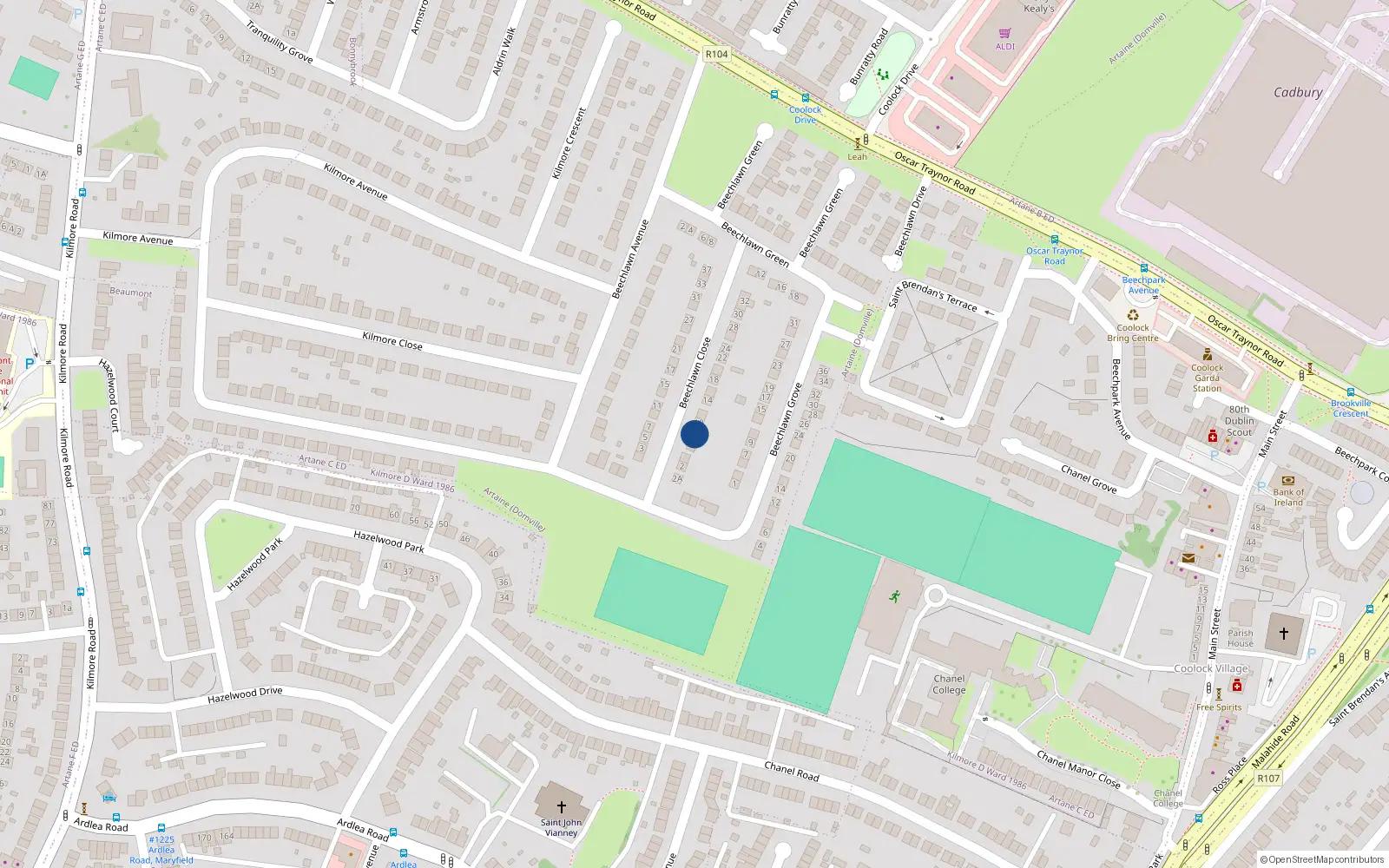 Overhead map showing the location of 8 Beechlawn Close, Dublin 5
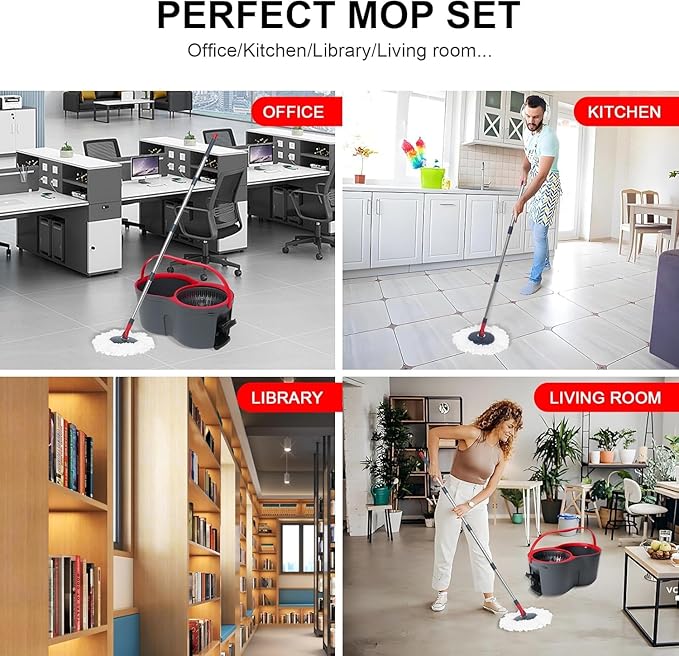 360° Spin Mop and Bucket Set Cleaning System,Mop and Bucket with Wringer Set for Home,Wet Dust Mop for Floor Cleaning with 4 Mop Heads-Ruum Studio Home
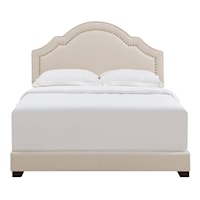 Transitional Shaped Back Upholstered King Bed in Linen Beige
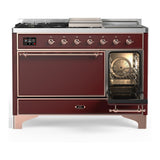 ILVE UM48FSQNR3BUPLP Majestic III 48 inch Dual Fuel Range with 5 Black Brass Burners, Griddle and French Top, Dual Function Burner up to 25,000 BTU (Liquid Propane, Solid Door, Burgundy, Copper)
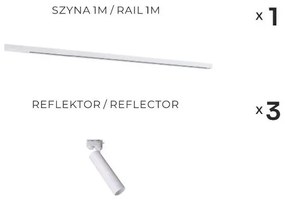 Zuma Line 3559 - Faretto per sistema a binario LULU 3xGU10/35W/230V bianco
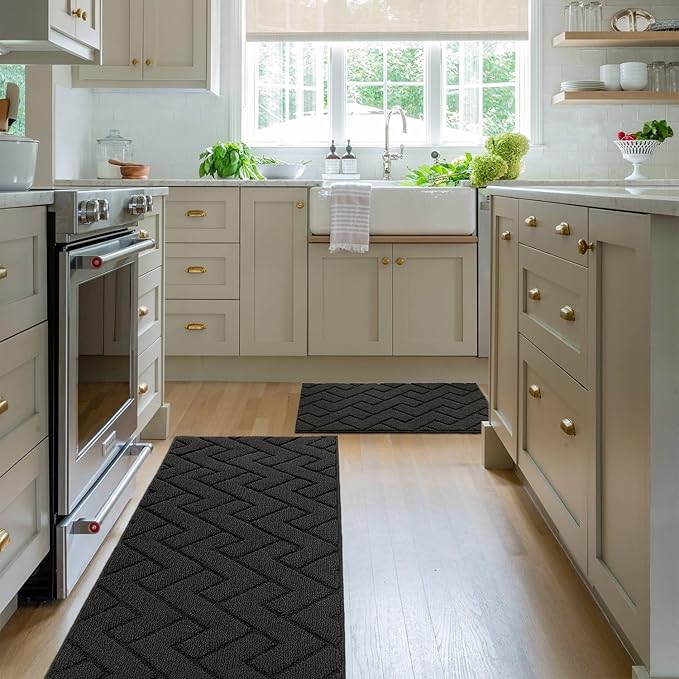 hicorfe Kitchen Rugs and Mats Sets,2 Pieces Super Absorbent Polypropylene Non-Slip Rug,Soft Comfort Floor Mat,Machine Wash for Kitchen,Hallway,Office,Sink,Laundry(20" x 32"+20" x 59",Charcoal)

* Problem to work on: Your reply should hold nothing but the lines above, from the one containing "360° Spin Mop" to the one containing "ILVE UM48FSQNR3BUPLP Majestic", reproduced exactly minus the pictures.

* Solution to this task:
 360° Spin Mop and Bucket Set Cleaning System,Mop and Bucket with Wringer Set for Home,Wet Dust Mop for Floor Cleaning with 4 Mop Heads-Ruum Studio Home
 Transitional Shaped Back Upholstered King Bed in Linen Beige
 ILVE UM48FSQNR3BUPLP Majestic III 48 inch Dual Fuel Range with 5 Black Brass Burners, Griddle and French Top, Dual Function Burner up to 25,000 BTU (Liquid Propane, Solid Door, Burgundy, Copper)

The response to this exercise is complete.